At this stage Fuchs had become highly paranoid. On 1 October 1997 near his residence in Gralla, he followed two women in a car who he believed were observing him. When police attempted to question him on what they believed was a routine case of stalking, he produced another improvised explosive device which he had kept in his car, and detonated it in his hands in front of the policemen. He survived his suicide attempt, but he lost both hands, and also injured a nearby police officer.
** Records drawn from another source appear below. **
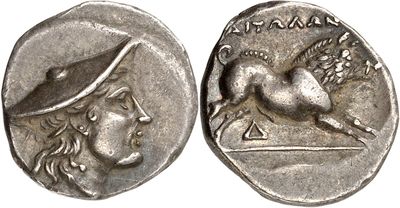 a silver coin with an image of a woman and a horse on it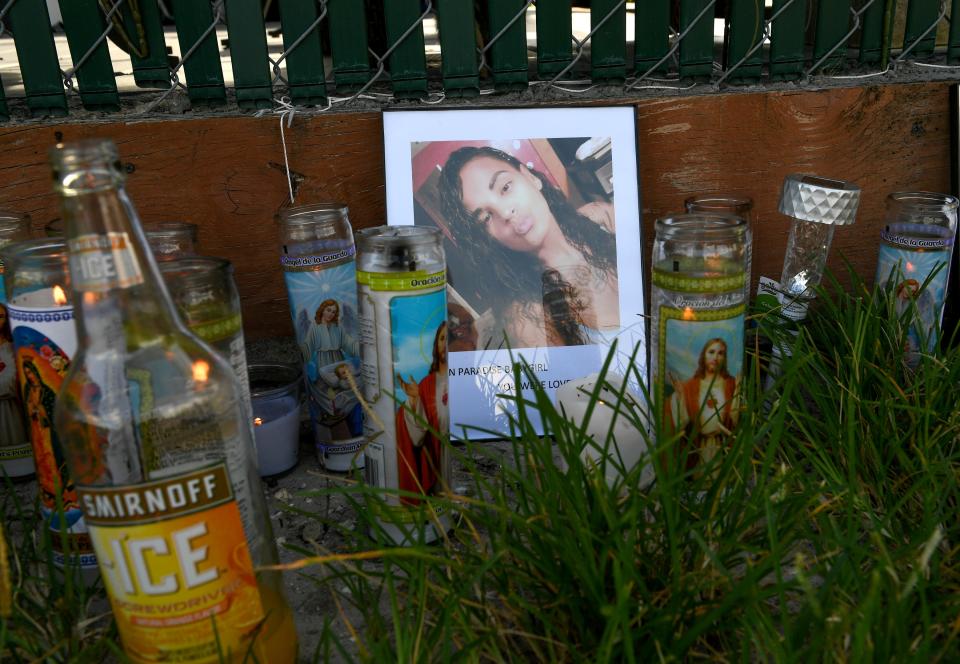 Several dozen candles flicker in the morning light around a portrait of Maribel Morales-Rosado, at a memorial in front of her home on Wednesday, Aug. 12, 2020, where she was shot multiple times by her ex-boyfriend, Donald L. Williams according to Martin County Sheriff William Snyder, on Tuesday, and died from her injuries.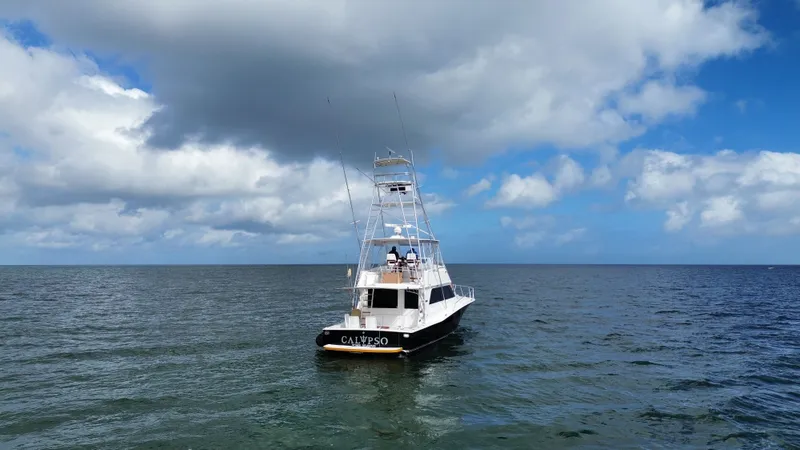 Calypso Yacht Photos Pics A 1996 Viking 47 Convertible boat named "Calypso" on open water under cloudy skies.
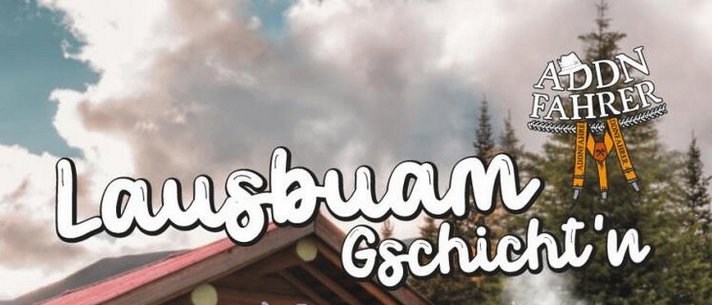 Ein Mann in Hut und Hosenträger steht lächelnd vor einem Briefkasten, mit einem Blockhaus und Herbstbäumen im Hintergrund.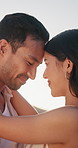 Happy, couple and forehead touch outdoor with love, sunshine and bonding together on summer holiday. Sun flare, people and dating with smile for romantic relationship, wellness and peace on vacation.
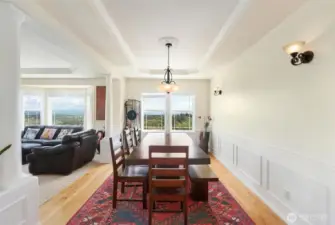 The luxurious dining room lets in the natural light and views.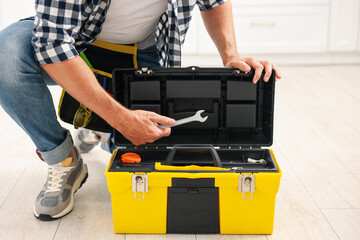 Man taking wrench from tool box indoors, closeup
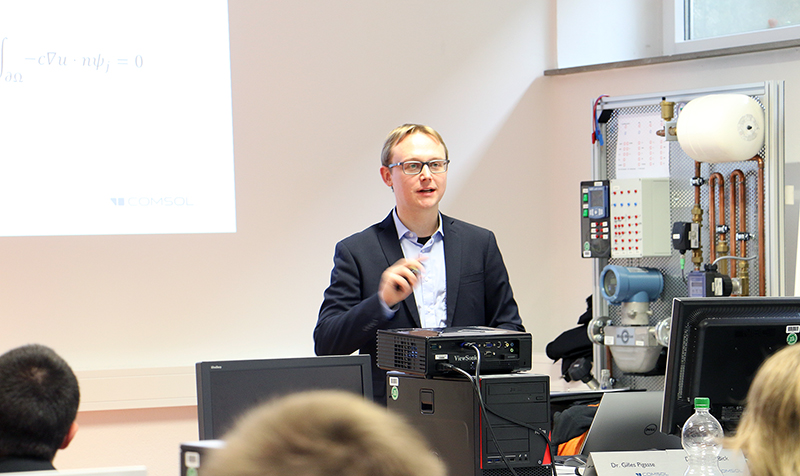 Ein Mann im Anzug spricht vor einem Hörsaal der Hochschule Coburg. Er hält einen Stift in der Hand und steht neben einem elektronischen Gerät, auf dessen Leinwand eine mathematische Gleichung angezeigt wird. Die Teilnehmer sitzen und hören der spannenden Vorlesung aufmerksam zu.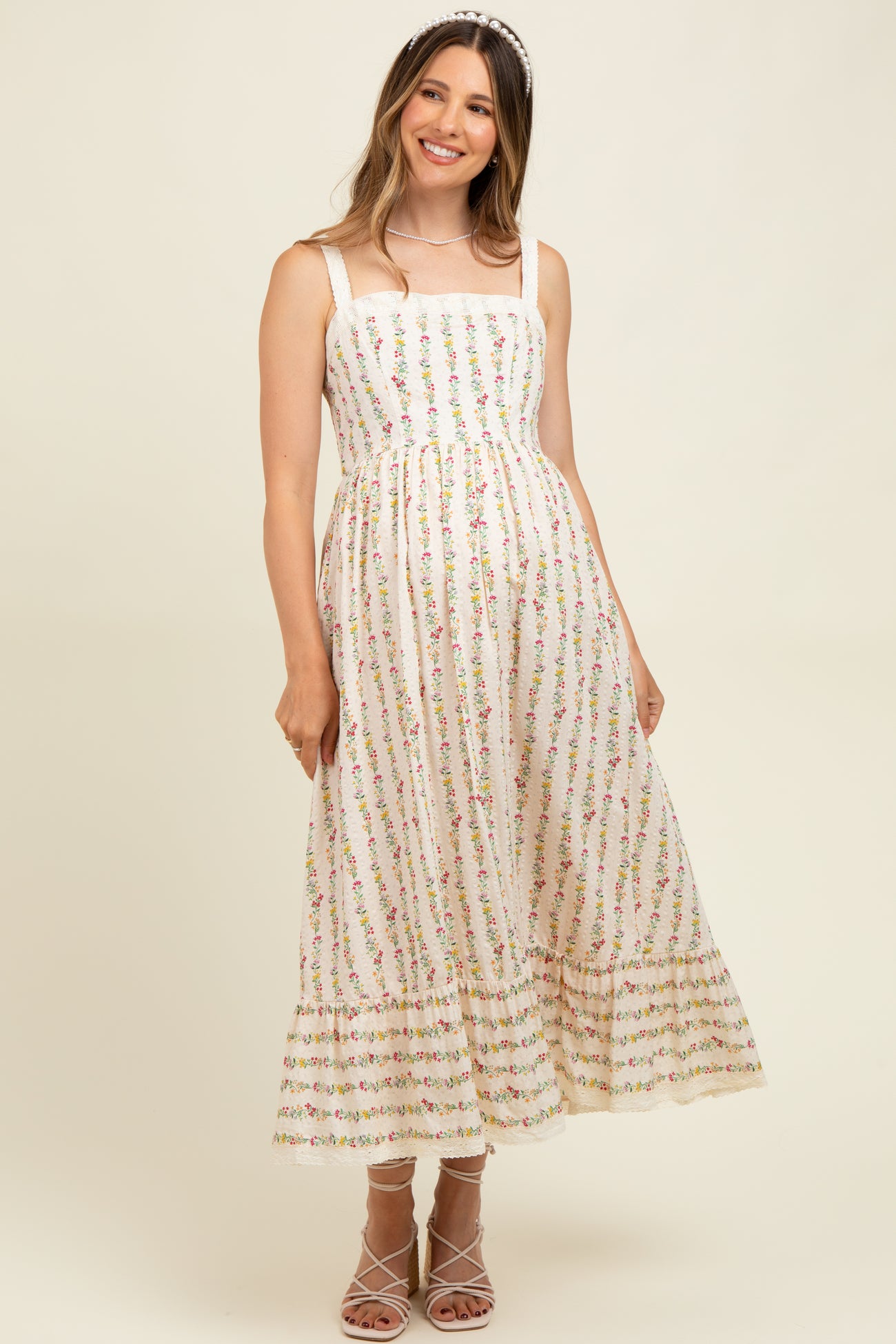 woman wearing a floral print maternity dress with a fitted bodice and flared skirt, showcasing a baby bump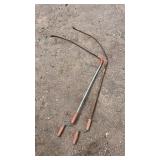 Pair of manual drain augers with crank handles.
Fuchs was arrested without giving further resistance and, after a trial which many in Austria felt had fallen short of making all attempts to uncover deep details, was sentenced to life in prison on 10 March 1999. Through his unruly behavior during the trial, Fuchs had repeatedly forced his removal from court proceedings.

On 26 February 2000, Fuchs was found hanged with the cable of his electric razor in his prison cell at Graz-Karlau Prison. The prison physician determined his death to be a suicide.

== Media ==
- In 2007, the criminal case was portrayed in the docudrama Franz Fuchs – Ein Patriot, the role of Franz Fuchs was played by Austrian Karl Markovics.
- In the computer games Hitman: Codename 47 and Hitman: Contracts, the character Frantz Fuchs appears to be based on Franz. Frantz is an Austrian terrorist, who served in Hitlerjugend as a youngster, and is planning to blow up a hotel at which a U.N. peace summit is being held.